## DATA PROVIDED:
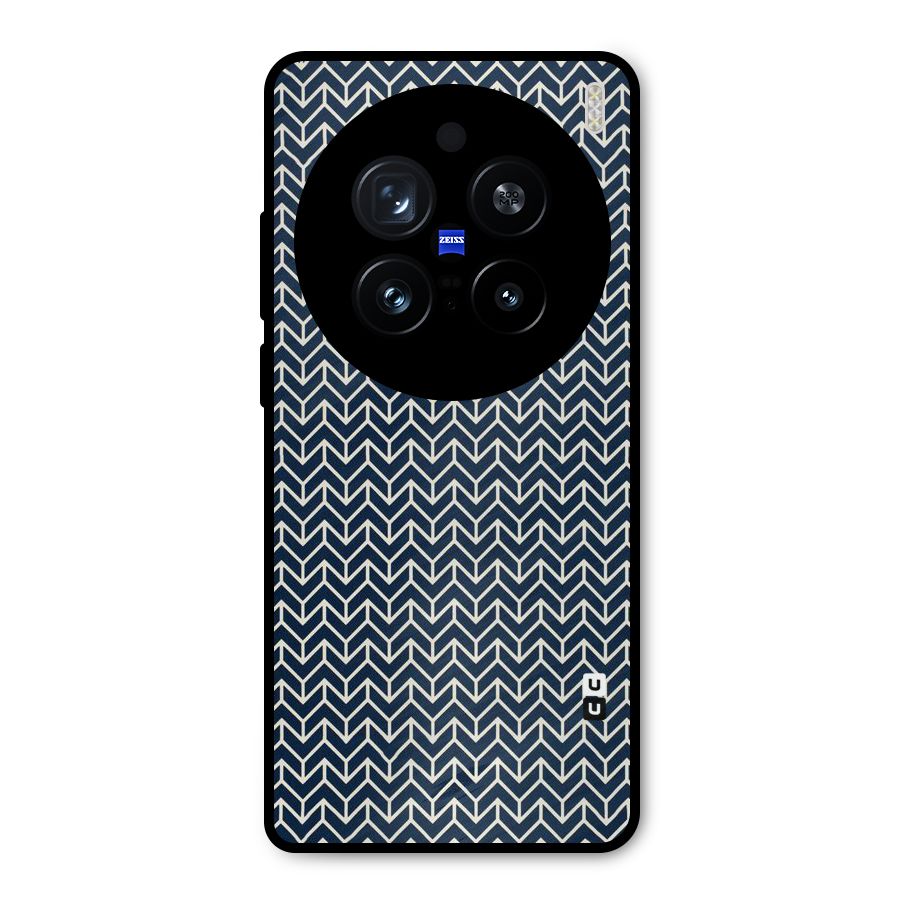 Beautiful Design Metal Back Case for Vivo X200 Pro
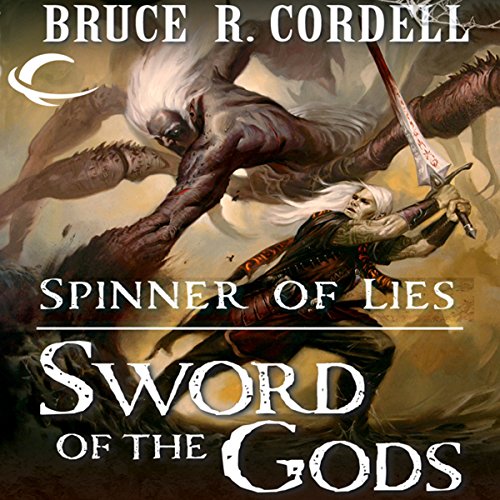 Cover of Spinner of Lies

---

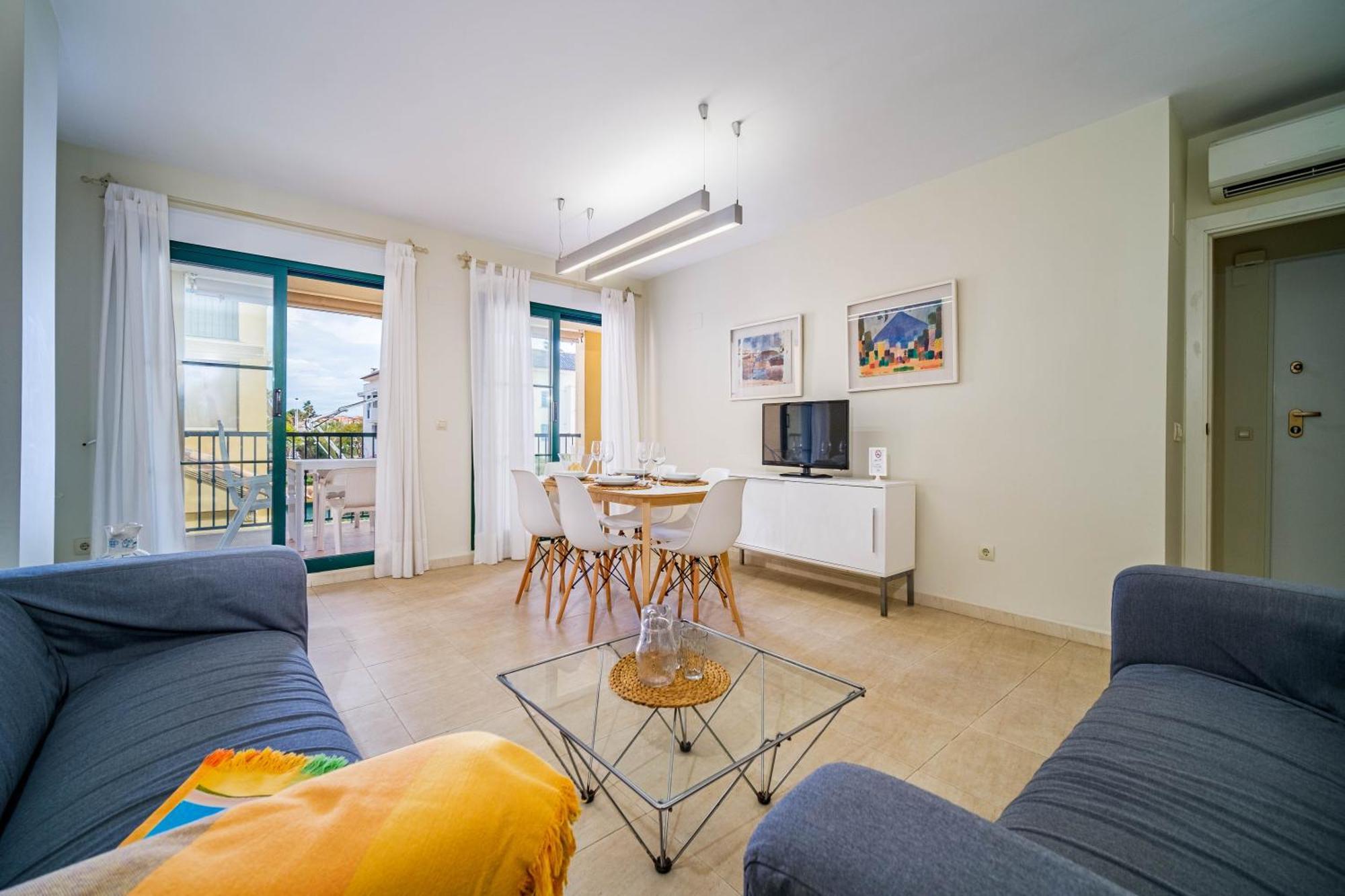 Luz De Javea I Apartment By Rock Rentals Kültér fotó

## YOUR INSTRUCTIONS:
Nothing outside the stretch above, from the line with "Beautiful Design Metal" through the line with "Cover of Spinner of Lies", is set down. Transcribe that stretch exactly, ends included, but not its pictures.

## ANSWER TO THE PROBLEM:
 Beautiful Design Metal Back Case for Vivo X200 Pro
 Cover of Spinner of Lies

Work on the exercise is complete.